# Pivot Tables

## Introduction 

Most of us have heard of pivot tables from Excel. Pivot tables are a useful tool for reshaping and aggregating our data to gain meaningful insight about the data.

![alt text](https://i2.wp.com/cmdlinetips.com/wp-content/uploads/2018/12/pivot_example_Pandas.jpg)

## The pivot_table function

In Pandas we create a pivot table using the pivot_table function. However, before using the function, let's spend some time looking at the different components of the function. 

### Index

The index columns are the columns we are going to group by.

For example, recall our vehicles dataset. We can look at a pivot table where the index is vehicle class:

In [None]:
import pandas as pd

In [None]:
vehicles = pd.read_csv('vehicles.csv')

In [None]:
vehicles.head()

In [None]:
vehicles.Cylinders.unique()

In [None]:
vehicles.pivot_table(index=["Vehicle Class"]).head()

In [None]:
# Explain the values in the df 
vehicles["Vehicle Class"].isin(['Large Cars'])

In [None]:
# Create subset
large_cars = vehicles[vehicles["Vehicle Class"].isin(['Large Cars'])]

In [None]:
# Compute the mean 
large_cars["City MPG"].sum() / len(large_cars["City MPG"])

In [None]:
large_cars["City MPG"].mean()

### Columns
The columns argument is used to determine the columns for which we would like to compute a summary statistic for every value.

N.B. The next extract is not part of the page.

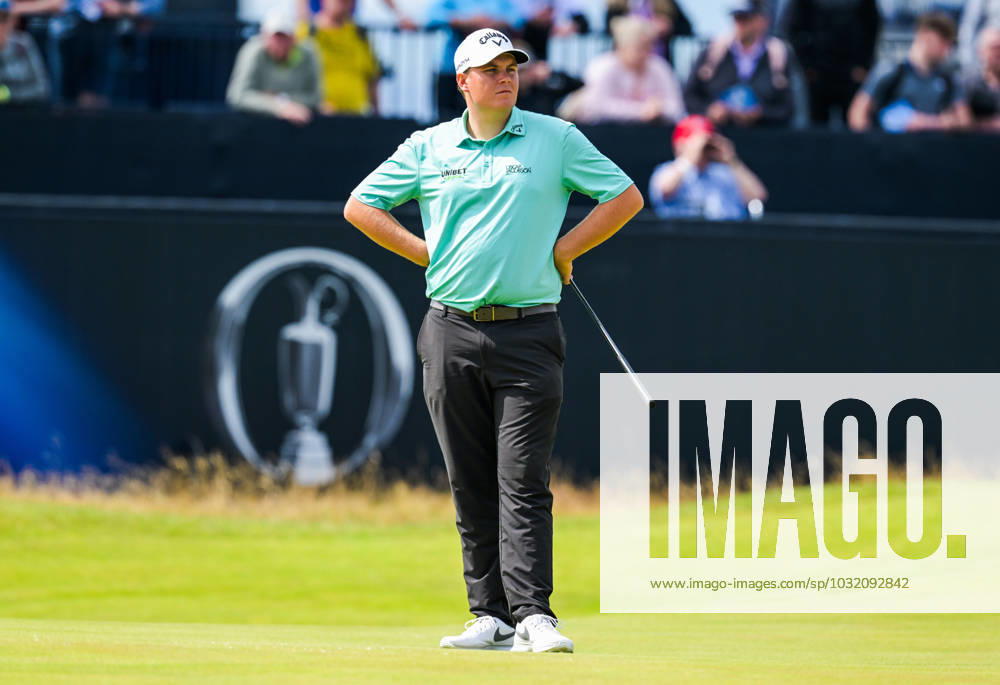 Mandatory Credit: Photo by Greig Cowie Shutterstock (14015622fq) Sami Valimaki on the 1st Green The British Open Championship, Day One, Golf, Royal Liverpool Golf Club, Liverpool, UK - 20 Jul 2023 The British Open Championship, Day One, Golf, Royal Liverpool Golf Club, Liverpool, UK - 20 Jul 2023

In the example above, we aggregated all columns. We can also use the values to select a subset of columns.

For example:

In [None]:
vehicles = pd.read_csv('vehicles.csv')

In [None]:
vehicles.pivot_table(index=["Vehicle Class"], columns=["Cylinders"]).head()

In [None]:
compact_cars = vehicles[vehicles["Vehicle Class"].isin(['Compact Cars'])]

In [None]:
compact_cars.Cylinders.unique()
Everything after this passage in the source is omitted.